Social tagging can benefit people managing their online resources; on the other hand, tags from individual users represent their personal preferences and can be used to improve the performance of personalized recommendation if properly utilized [6]. However, social tagging always suffers the problems such as diverse and/or unchecked vocabulary and unwillingness to tag because tags are freely and voluntarily assigned by users [7, 8]. The problem of diverse vocabulary may result from users’ forgetfulness and bounded rationality. Ebbinghaus hypothesized that the memory retention declines over time and people may lose about 70% of the information received two days ago without any attempt on retention [9]. Though the loss of information can be mitigated by constant recall, it persists when people fail to review frequently [10]. Furthermore, the bounded rationality also limits users’ ability to process information that disabled them from recalling all the tags they have used [11]. As a result, users might tend to reuse the most frequent terms (vocabularies) or use different terms each time they annotate similar resources.

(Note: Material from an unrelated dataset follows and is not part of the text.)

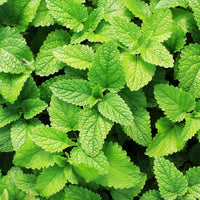 Peppermint, Spearmint & Tea Tree Natural Deodorant Australia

Thus, as the number of annotated resources increased, the tag space would become vast and the resources related to a tag would become heterogeneous. Both might frustrate users in accessing resources due to the cognitive dissonance [12, 13].

To address the problems faced by social tagging, some studies have shifted focus on tag recommender systems to assist individual users in tagging resources and converge the tags attached [3, 14,15,16,17,18]. Tag recommendation service has been provided by some websites, such as Delicious, BibSonomy, and Last.fm, that implies the needs in real-world situation. The task of tag recommender systems is to identify a set of tags that might be considered relevant to a resource by the focal user. Specifically, given a user u and a resource r, the task of traditional recommendation is to predict the class of preference(u, r); while that of tag recommendation is to predict the set of tags(u, r) what the user u will assign to the resource r [7].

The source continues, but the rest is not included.